Doctoral meeting: 'Process-to-Text: A Framework for the Description of Processes in Natural Language'

Processes constitute a useful way of representing and structuring the activities and resources involved in organization Information Systems. Daily, more event data is being produced and recorded, and process mining goal is to exploit these data, by automatically discovering the underlying process model, to extract valuable, process related information in a meaningful way that can be used to understand what is really happening in a process.

Process models represent in a graphical manner the activities that take place in a process as well as the dependencies among them. They tend to be enhanced with properties such as temporal information, process execution-related statistics, etc. This information is shown to users through visual analytic techniques, however, in real scenarios process models are highly complex and the number of properties that can be added to the process model is very high. This makes process models and visual analytics nearly impossible to be interpreted and understood by users, as deep knowledge of process modeling and analytics is required.

Natural Language Generation (NLG) and Linguistic Descriptions of Data (LDD) fields aim to provide users with textual descriptions that summarize the most relevant information of some data that is being described.
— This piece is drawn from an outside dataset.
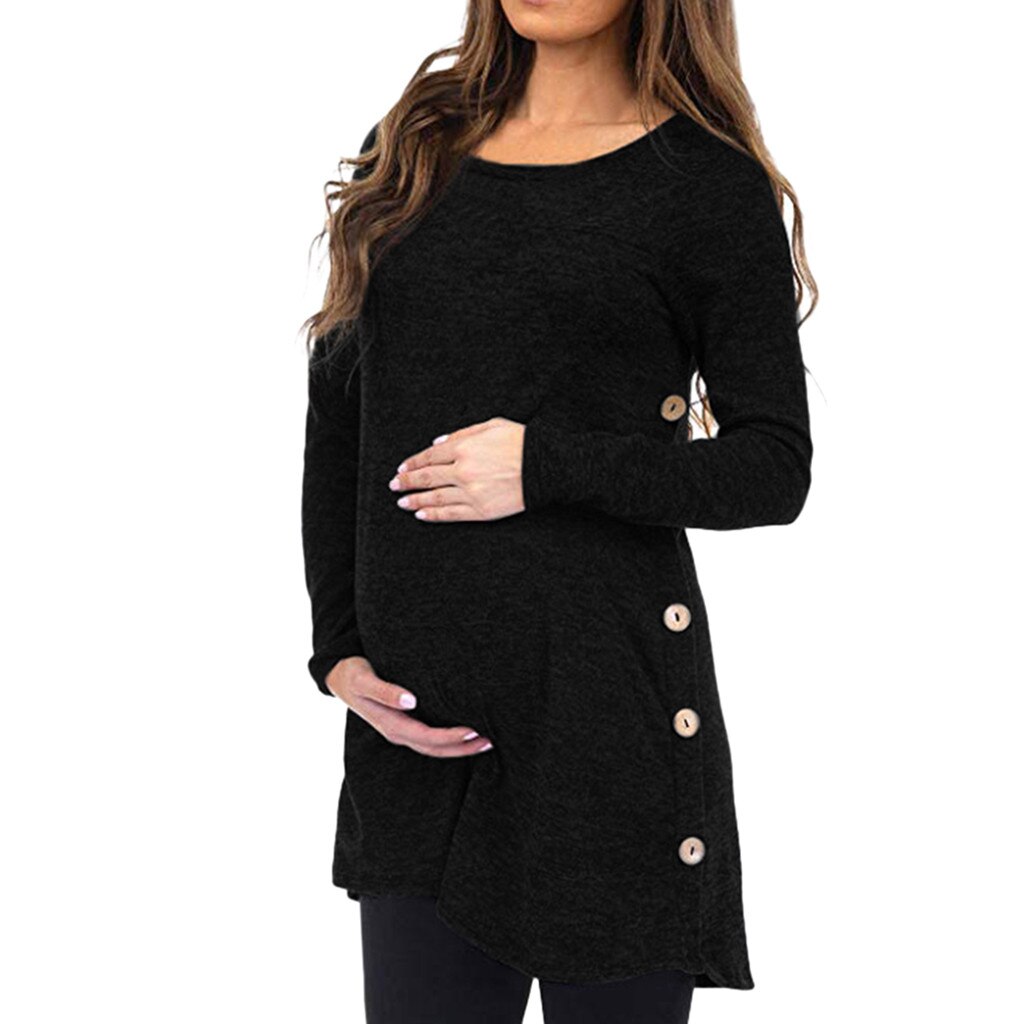 Women T-Shirt Nursing Hoodies Pregnant Women Sweater Long-Sleeved Tops Solid Casual Maternity Blouse Button Side Clothes ##4: XL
Research suggests that in some domains knowledge and expertise are required to understand graphical information and proves that specialists can take better decisions based on textual summaries than on graphical displays.
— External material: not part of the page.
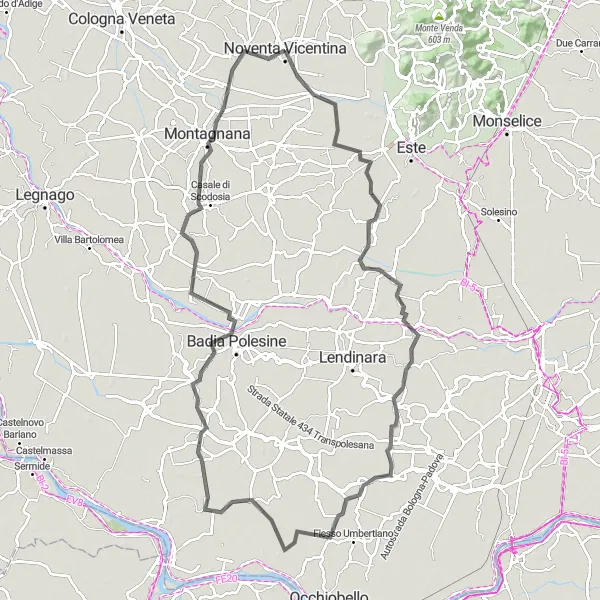 Mapa miniatúra "Dlhý okruh v okolí Noventy Vicentiny" cyklistická inšpirácia v Veneto, Italy. Vygenerované cyklistickým plánovačom trás Tarmacs.app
Therefore, natural language descriptions seem a good approach to enable or enhance the understanding of processes and its analytics as they can summarize, combine, and communicate information in ways it would not be possible with visual representations.

The objectives of this thesis are then the following:

  • To define a formal model able to generate natural language descriptions of both qualitative and quantitative information about processes; including fuzzy temporal and causal information from the process and its attributes, quantifying attributes in time during process life-span and able to recall causal relations and temporal distances between events, among other features.
  • Once this model is defined, a complete NLG pipeline will be implemented using this model as its content determination element for choosing which information to communicate and providing an intermediate representation of the information between the original process and the final natural language description.
  • Finally, this NLG system will be incorporated over a service-oriented-architecture tool for the interactive generation of process reports using natural language descriptions of processes as well as classical data visualization techniques.